Is the equidistance layer similar to the inflation layer? What's the recommended setting for equidistance layer for a Solidworks flow simulation of a wing?

Is the equidistance layer similar to the inflation layer? What's the recommended setting for equidistance layer for a Solidworks flow simulation of a wing?

How do you determine the angle?

Also, how do you know how far from the surface the equidistance should be set?

>> How do you determine the angle? <<

Seemed about the right value to use. If I didn't like the result, then I would change it and remesh.

>>Also, how do you know how far from the surface the equidistance should be set?<<

Just test it out and see what happens. If it doesn't give you something that you wanted, then do a little trial and error.

Sorry for being vague, but I have many years of working with SWFS, and much of it I learned from trying and I gained my experience. I recommend the same for you.

Thu,

The equidistant mesh refinement automatically calculates the geometry of the selected face. You will need to run multiple iterations and continue to further increase your mesh refinements and adjust offsets until convergence is achieved. Create a goal in the study for a property that you are looking to solve for and track that in each study until you have confidence in the results.

~Ben

I don't have a lot of time to do an indepth mesh convergence. What would be sensible starting points?

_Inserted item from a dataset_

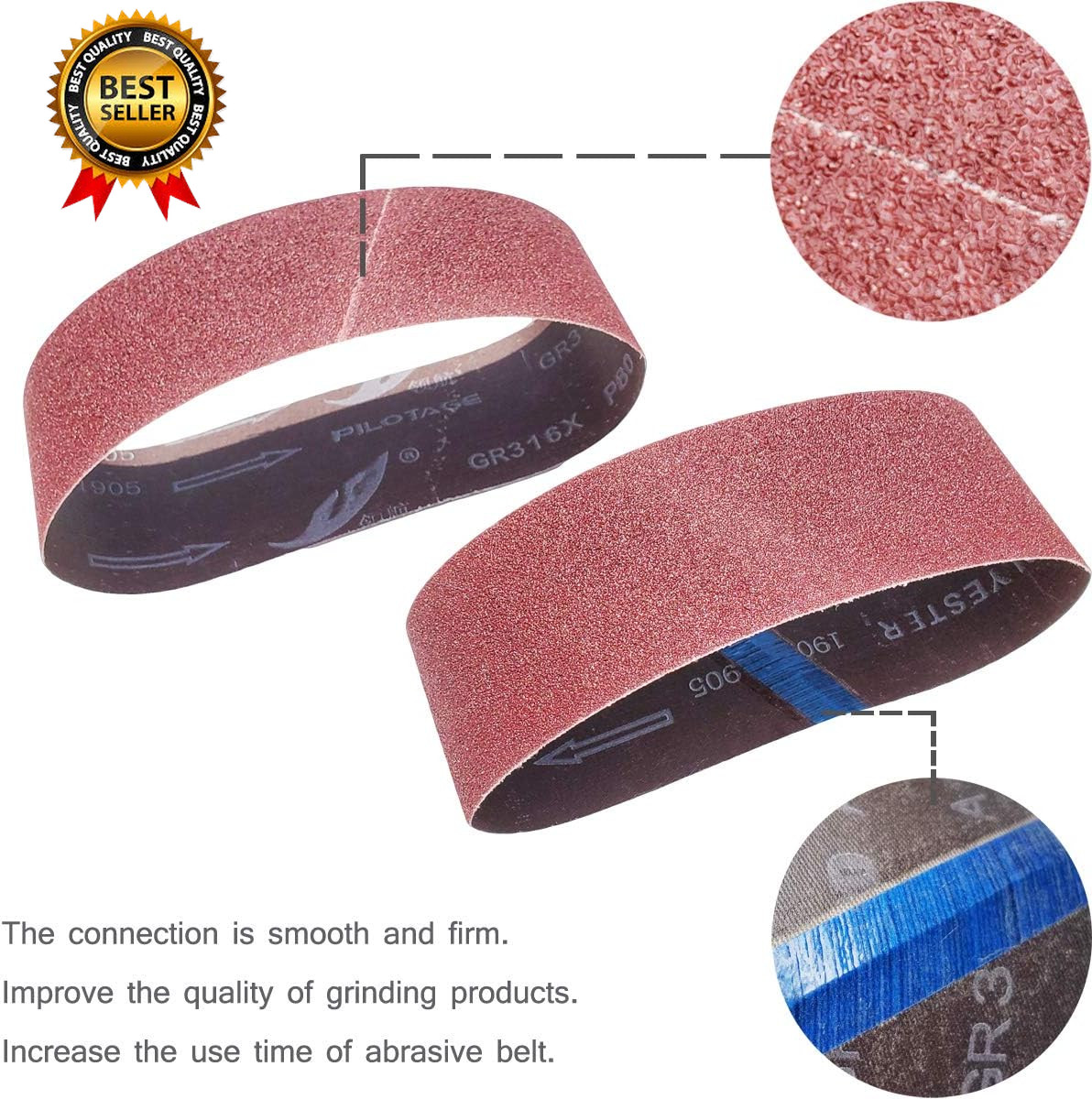 20 PCS 3 Inch X 21 Inch Abrasive Sanding Belts – 5 Each of 40 80 120 240 Grit Al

It's similar, but for SWFS it's not used for the same purpose. Instead, the solver uses a two-scale wall function model to capture the boundary layer when any mesh is employed. The equidistant layer was probably through customer request. Use it to capture the flow close to the geometry, if you wish.

Here is the result of 1 layer, 2 cuts at 1mm away from the body. The level 3 cells at the trailing edge is a result of the advanced refinement setting for curved bodies at 15°; it could've gone to level 4 refinement, if needed, but didn't because it was already less than 15°.